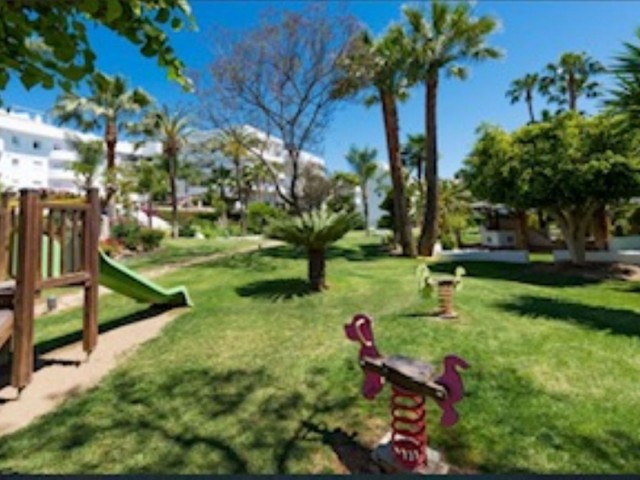 Apartment The Golden Mile - R5370211
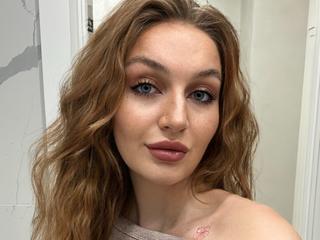 Juicy_Ginger Gallery Image 1 Juicy_Ginger Gallery Image 1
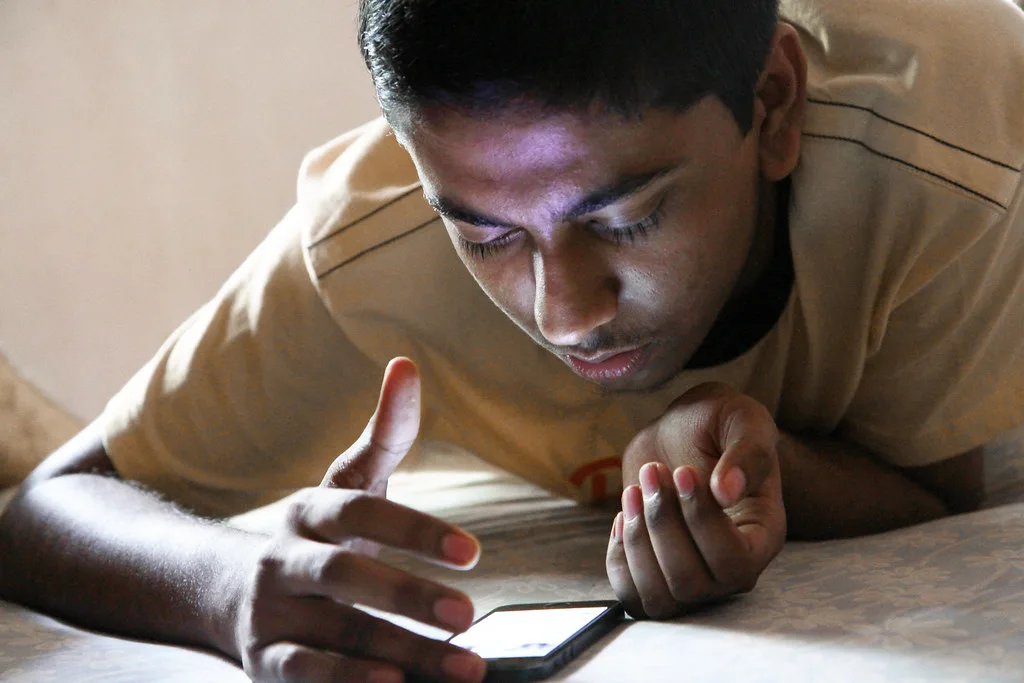 Canada Evaluates Australian Social Media Bans as Youth Mental Health Concerns Mount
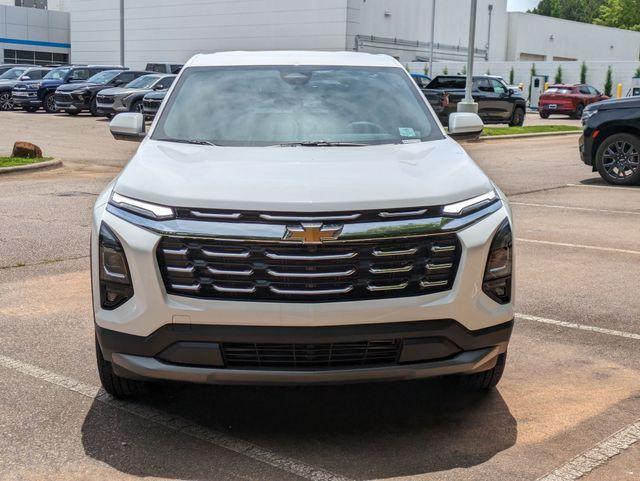 new 2026 Chevrolet Equinox car, priced at $32,990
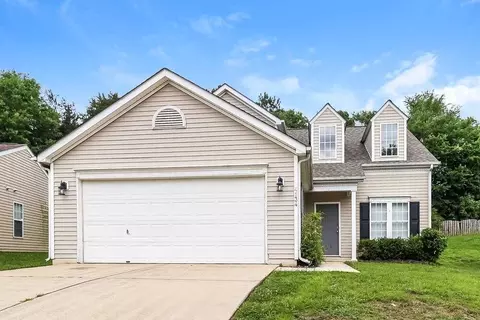 4134 Planters Watch Dr, Charlotte, NC 28278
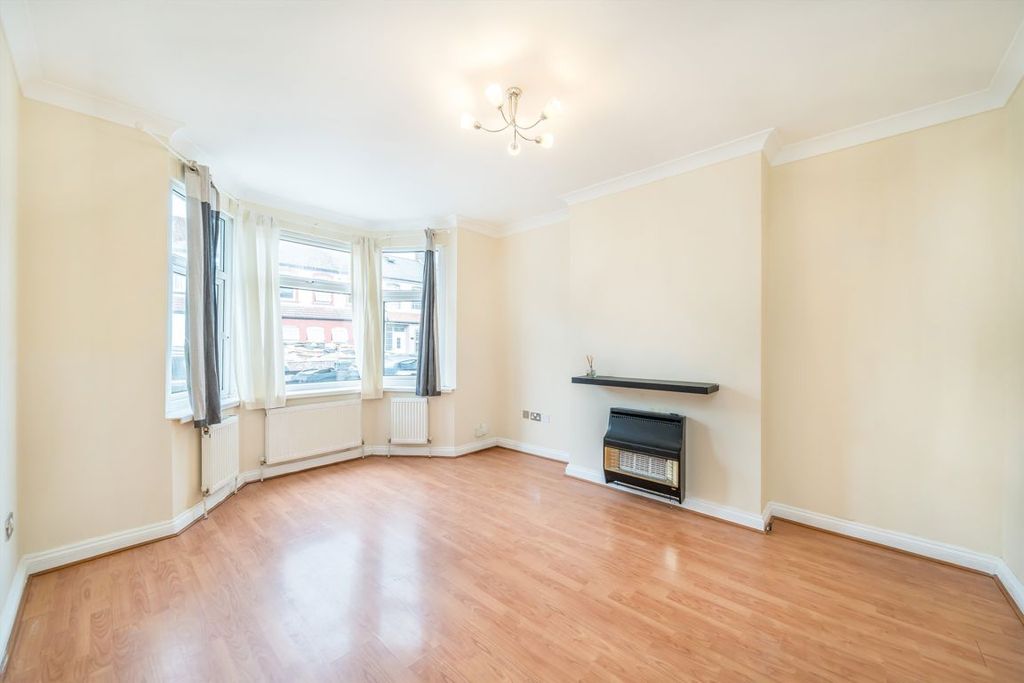 Property photo 1 of 9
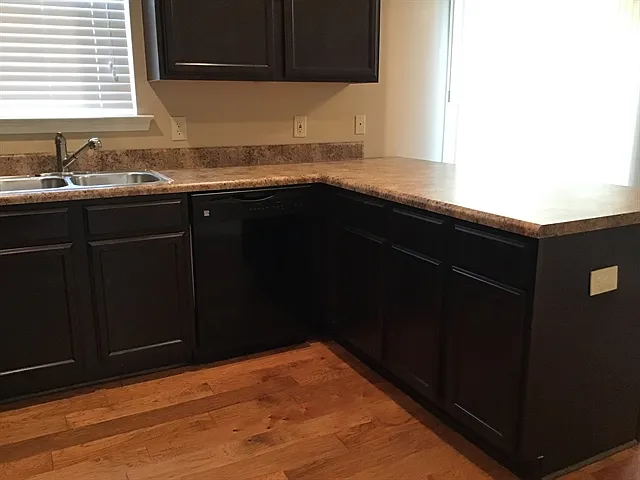 4 bed, 2.5 bath, 1950 sqft, $2,180 — Photo 3
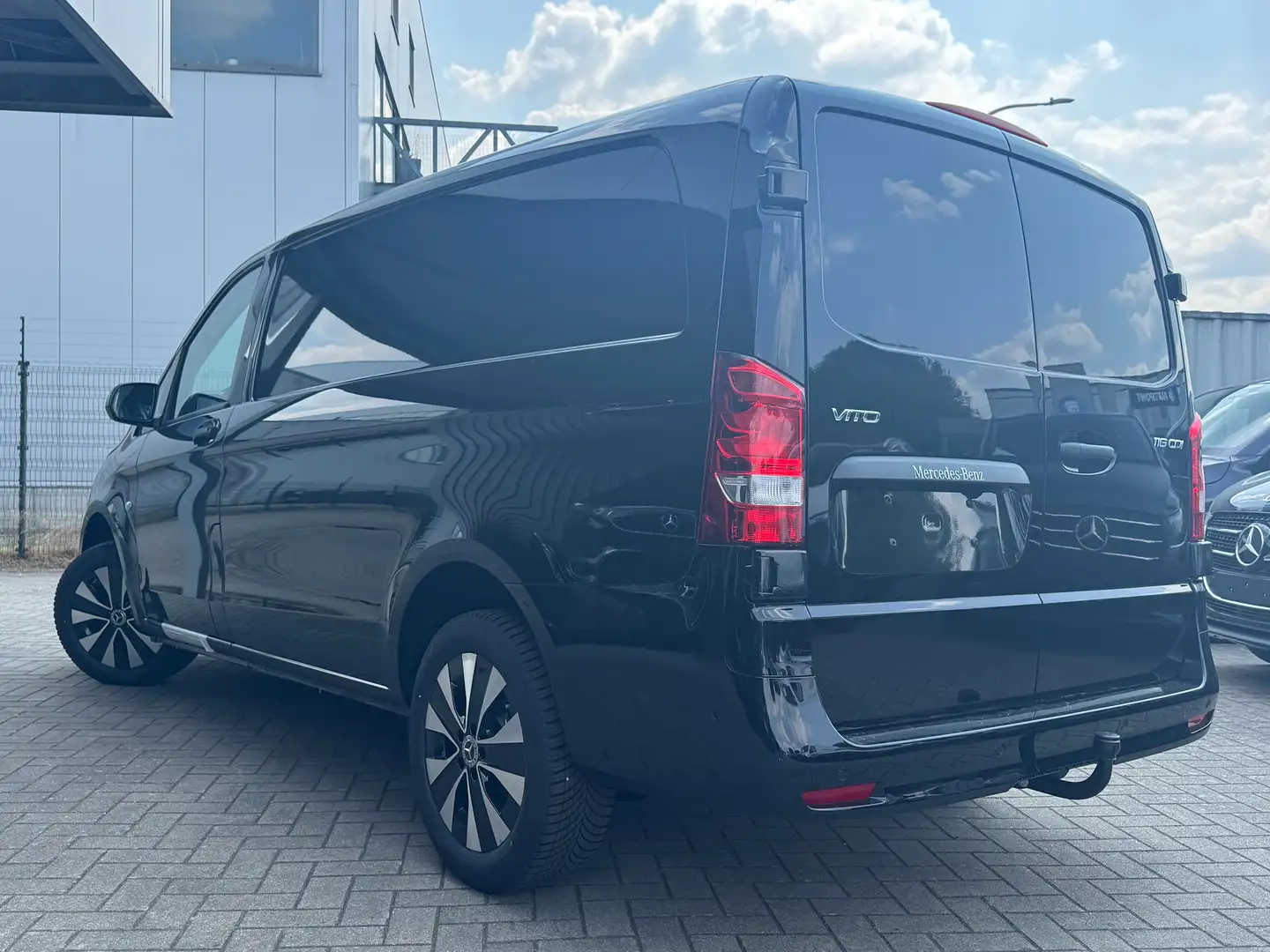 Mercedes-Benz Vito 116 L2 select / 44.404+BTW / 2.5T trekvermogen Noir - 2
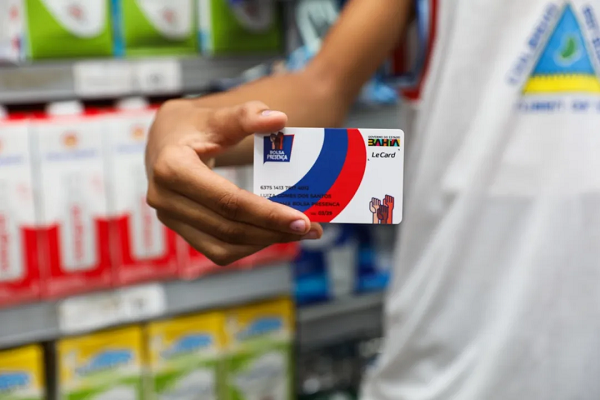 Bolsa Presença libera R$ 56 milhões para estudantes baianos (Foto: Amanda Chung)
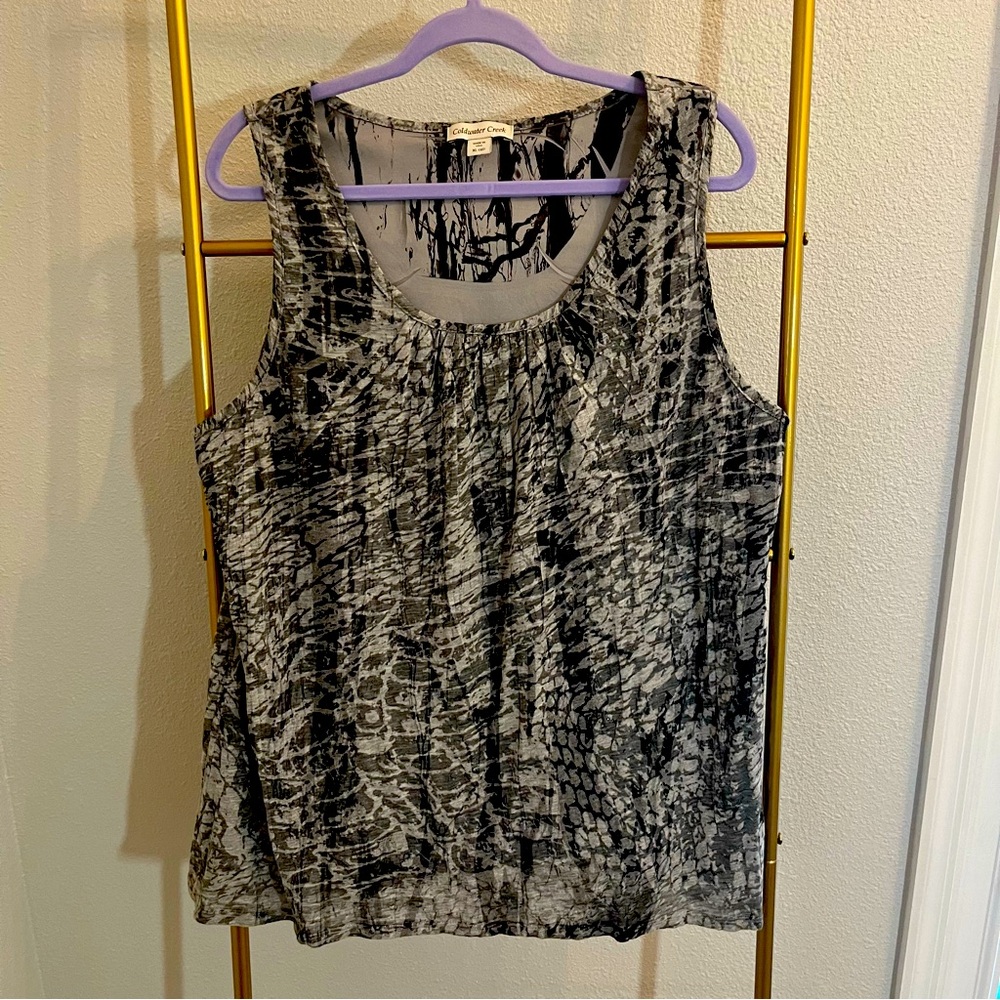 Cold water Creek Tank Tank Top Grey and Black Loose and Comfy Size XL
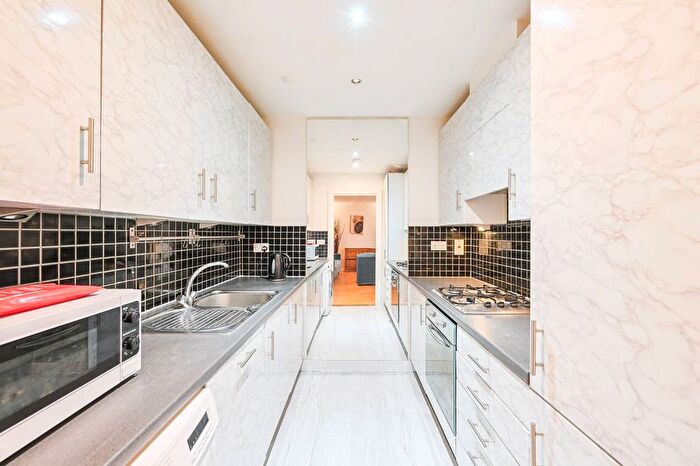 2 Bedroom Flat To Rent In Sky Studios, Docklands, London, E16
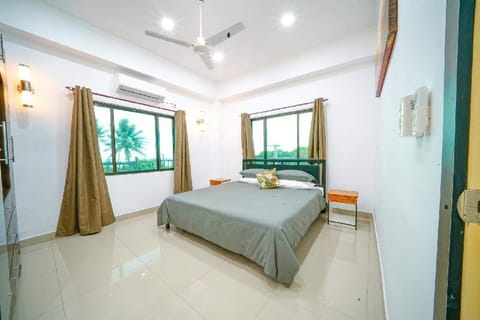 Coastal Suites Condo in Baravi
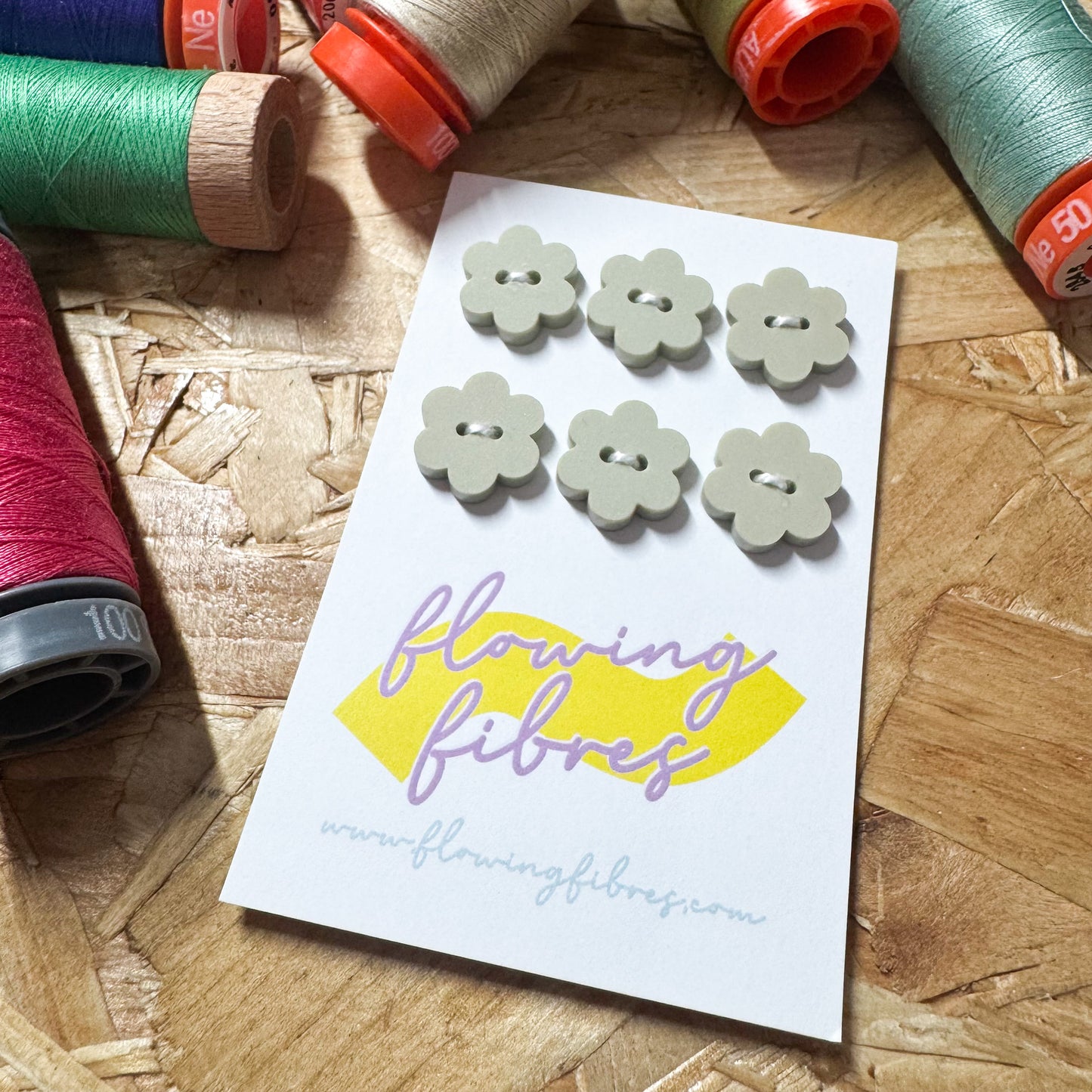 Sage Green Daisy Buttons - 15mm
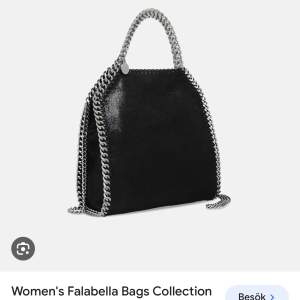 Jag säljer nu min älskade Stella väska i svart färg men silvrig kedja! 💖 såååå cool väska och passar till allt! Nypris är runt 10,000kr och jag säljer min för 4000kr men priset kan diskuteras! 🖤🖤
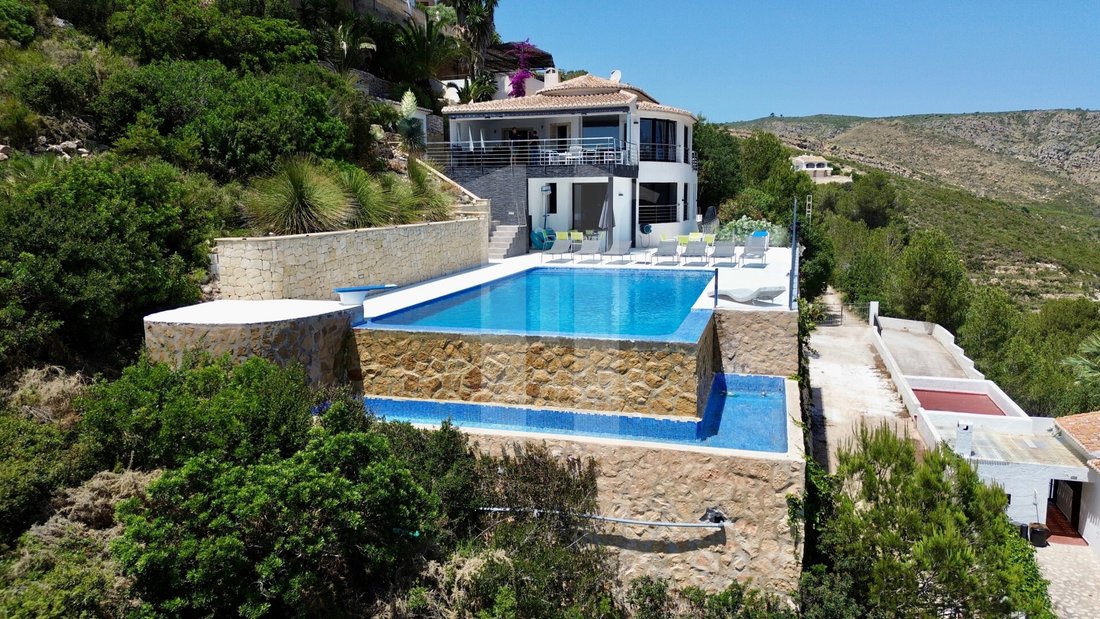 Villa in Xabia / Javea, Valencian Community, Spain 2 - 18474334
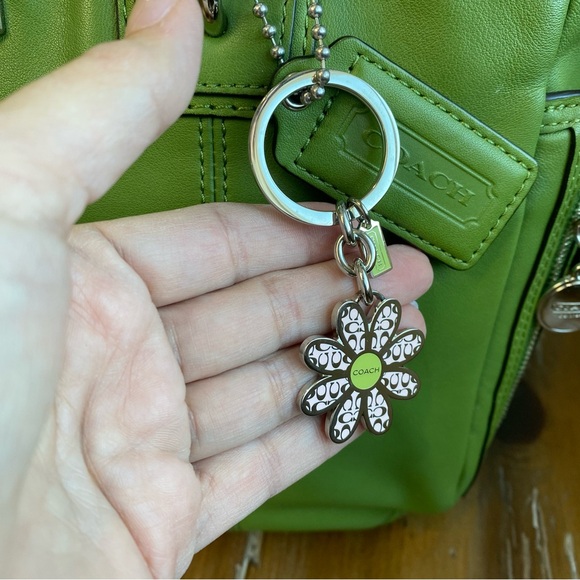 Coach Gallery Green Zip Top Tote Bundle - Picture 4 of 17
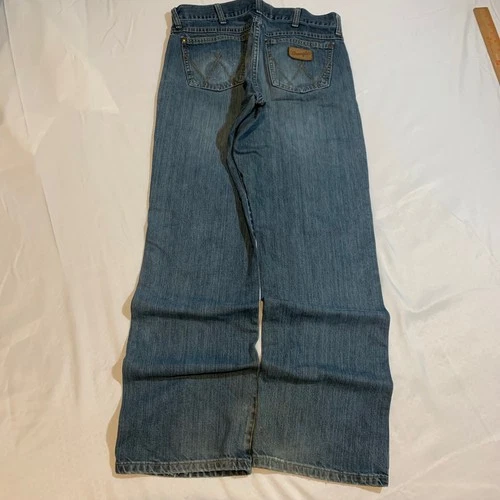 Wrangler Retro Relaxed Bootcut Jeans Mens 32x32 Medium Wash WRT20WB - product listing photo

• **WORK ITEM**
Give back the material word for word and drop the pictures it holds.

• **SOLUTION FOR THIS PROBLEM**
 Apartment The Golden Mile - R5370211
 Juicy_Ginger Gallery Image 1 Juicy_Ginger Gallery Image 1
 Canada Evaluates Australian Social Media Bans as Youth Mental Health Concerns Mount
 new 2026 Chevrolet Equinox car, priced at $32,990
 4134 Planters Watch Dr, Charlotte, NC 28278
 Property photo 1 of 9
 4 bed, 2.5 bath, 1950 sqft, $2,180 — Photo 3
 Mercedes-Benz Vito 116 L2 select / 44.404+BTW / 2.5T trekvermogen Noir - 2
 Bolsa Presença libera R$ 56 milhões para estudantes baianos (Foto: Amanda Chung)
 Cold water Creek Tank Tank Top Grey and Black Loose and Comfy Size XL
 2 Bedroom Flat To Rent In Sky Studios, Docklands, London, E16
 Coastal Suites Condo in Baravi
 Sage Green Daisy Buttons - 15mm
 Jag säljer nu min älskade Stella väska i svart färg men silvrig kedja! 💖 såååå cool väska och passar till allt! Nypris är runt 10,000kr och jag säljer min för 4000kr men priset kan diskuteras! 🖤🖤
 Villa in Xabia / Javea, Valencian Community, Spain 2 - 18474334
 Coach Gallery Green Zip Top Tote Bundle - Picture 4 of 17
 Wrangler Retro Relaxed Bootcut Jeans Mens 32x32 Medium Wash WRT20WB - product listing photo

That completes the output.